ISPs, carriers and multinational conglomerates are already candidates for such a product. Mushrooming Internet traffic has service providers hunting for backbone devices that can prevent potential network bottlenecks.
"It is vital that we find routing and switching products that support higher bandwidths such as OC-48 [and OC-192] to handle exploding network traffic," said Alan Taffel, vice president at Uunet Technologies Inc., one of the largest ISPs. [KORN: This is great for the GBX550]

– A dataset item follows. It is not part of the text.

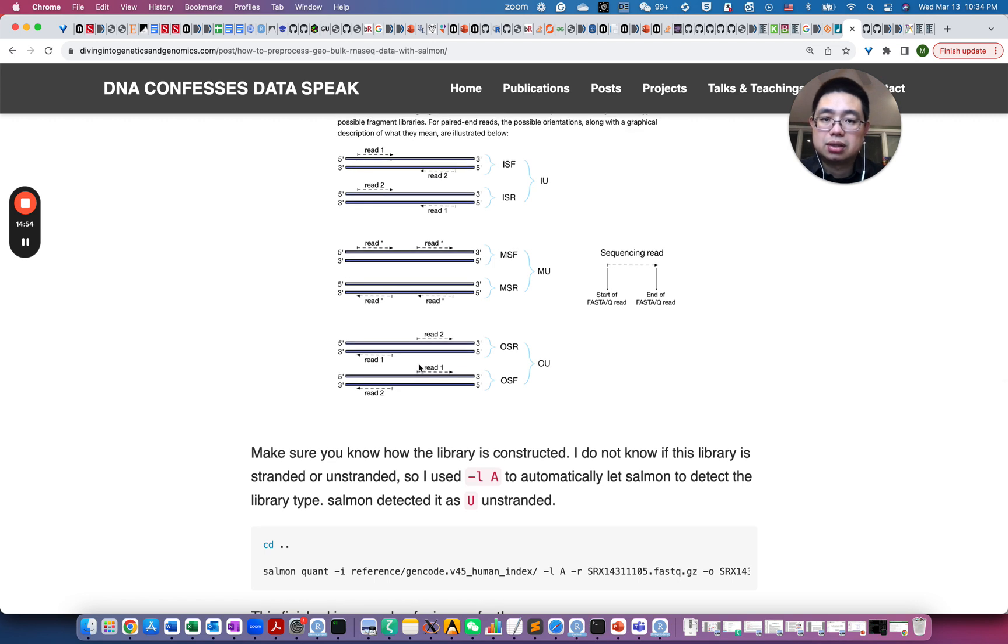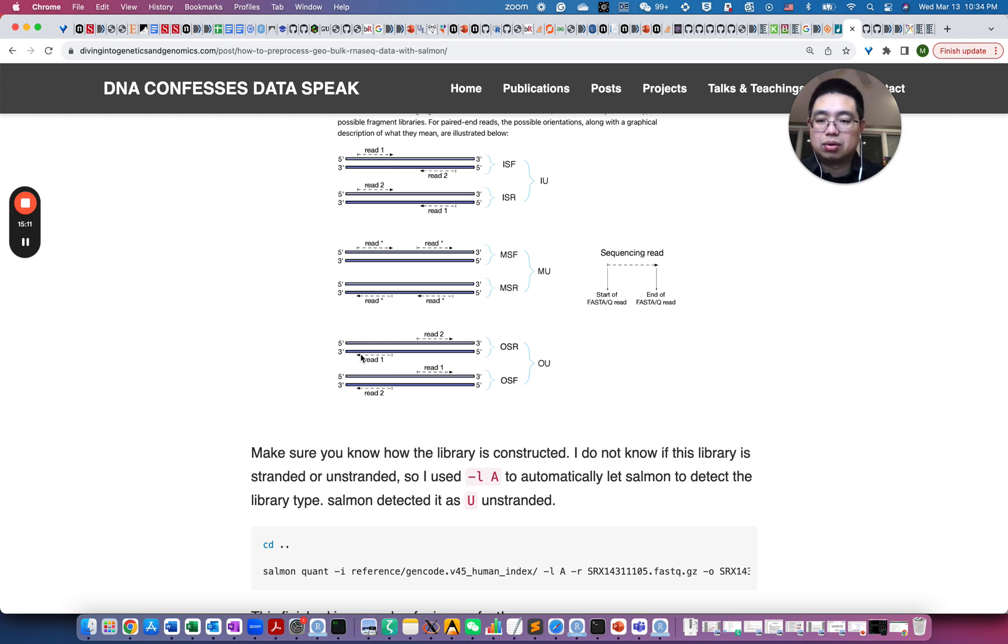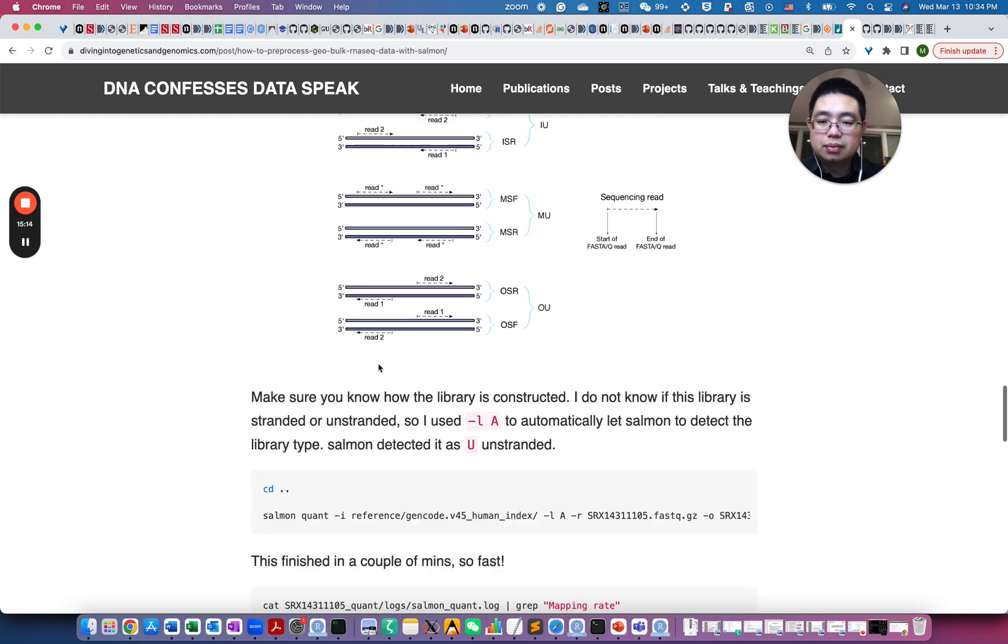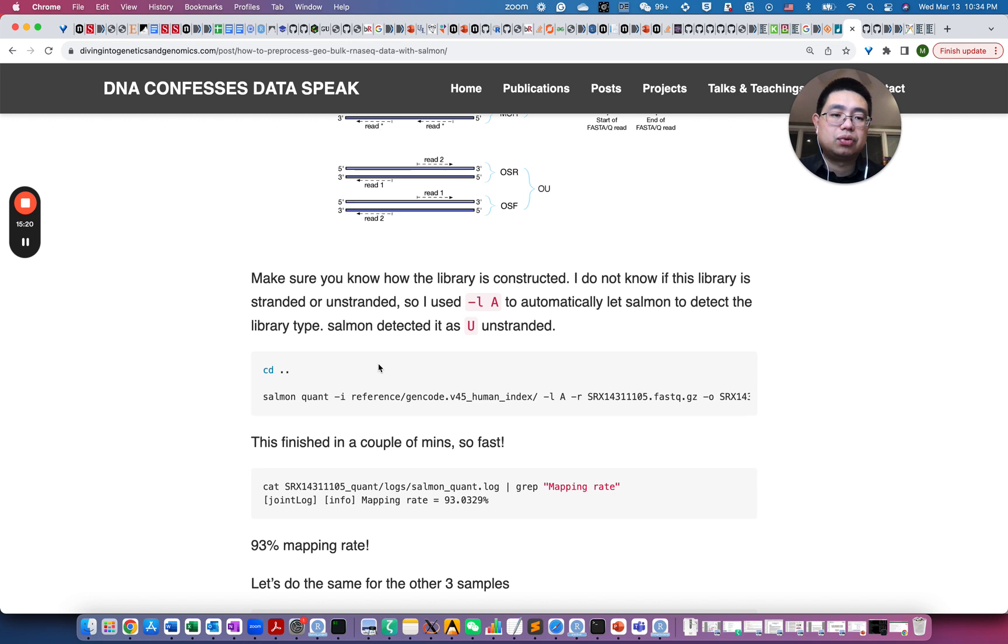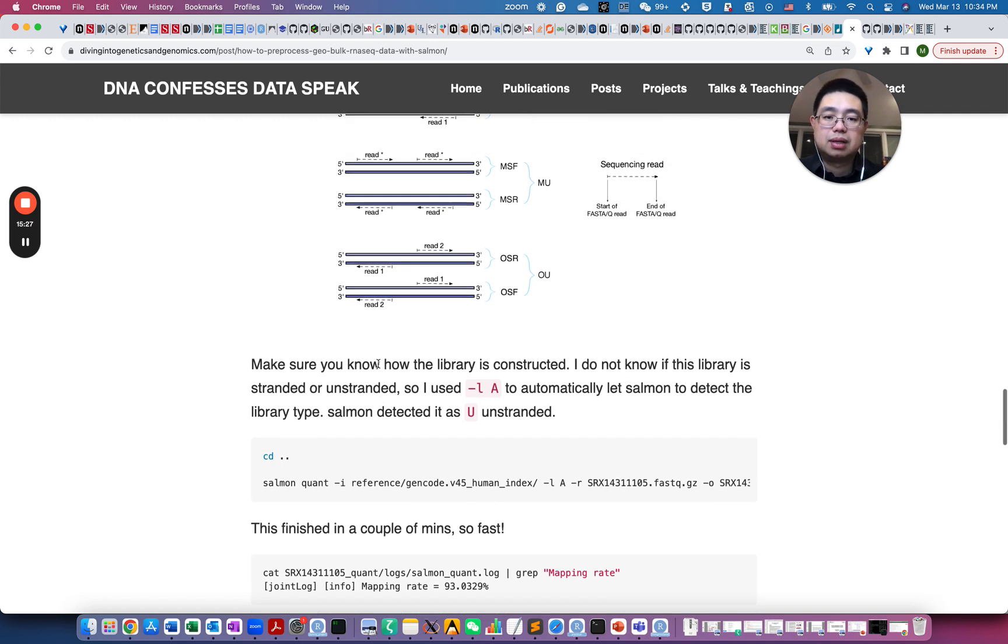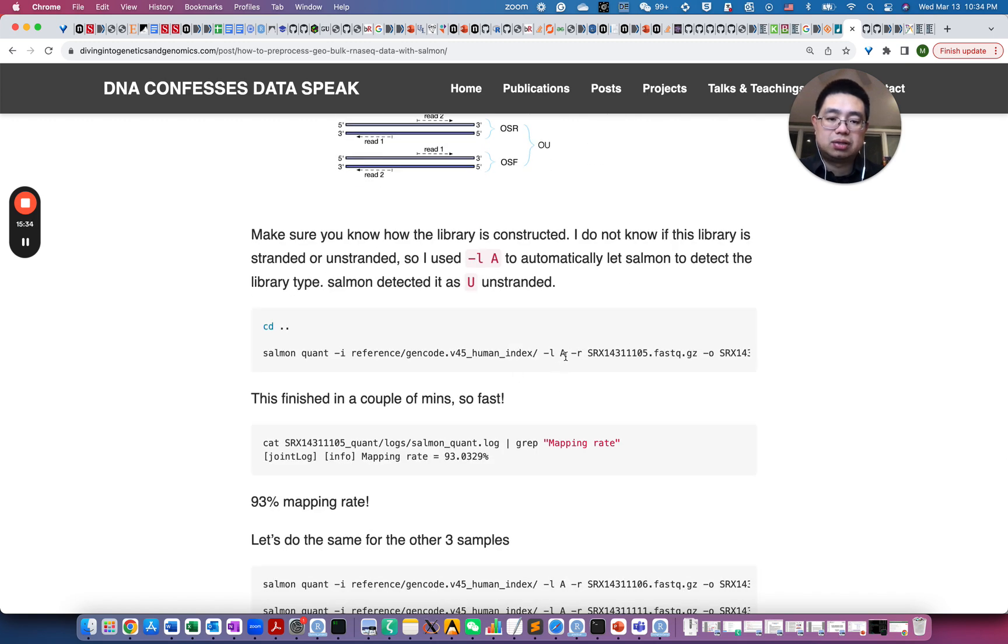And you can also have, for example, like this thing, so essentially you have the read two actually from still read two from the sense strand, and R1 from the anti-sense strand, but read one, it's more close to 3 prime here. So make sure you know how the library is constructed. So if you don't know, you need to ask the wet biologist who actually made the library, so they will tell you how the library is constructed, so you can specify the right arguments for Salmon here.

A host of start-ups, populated by entrepreneurial talent from Bay Networks, Cisco, Cascade Communications, now part of Ascend Communications, and other networking vendors, are developing the high-end devices. But industry heavyweights such as Cisco and Ascend do not even get mentioned in the terabit and similar high-end spaces.
The small band of pioneers includes Avici Systems Inc., Argon Networks Inc., formerly called GigaPacket Networks Inc., Juniper Networks Inc. and Nexabit Networks. Avici and Juniper are IP router makers whereas Netcore and Argon produce combination ATM switch and IP router devices.
Sources close to Netcore said the switch lets IP packet and ATM cell traffic flow over the same physical WAN interface. This would significantly reduce the number of WAN pipes required.
The sources said the device, expected to roll out in the third quarter, will support 640 Gbps and have 64 OC-48 ports. Later versions will use wave division multiplexing and handle traffic at multiterabit-per-second speeds. Quality-of-service features and SNMP management support will be available, along with redundancy for every routing path.
Frank Dzubeck, president of consultancy Communications Network Architects Inc., warns that none of these products are ready for prime time. "The question is whether they will be ready when they are needed," he said.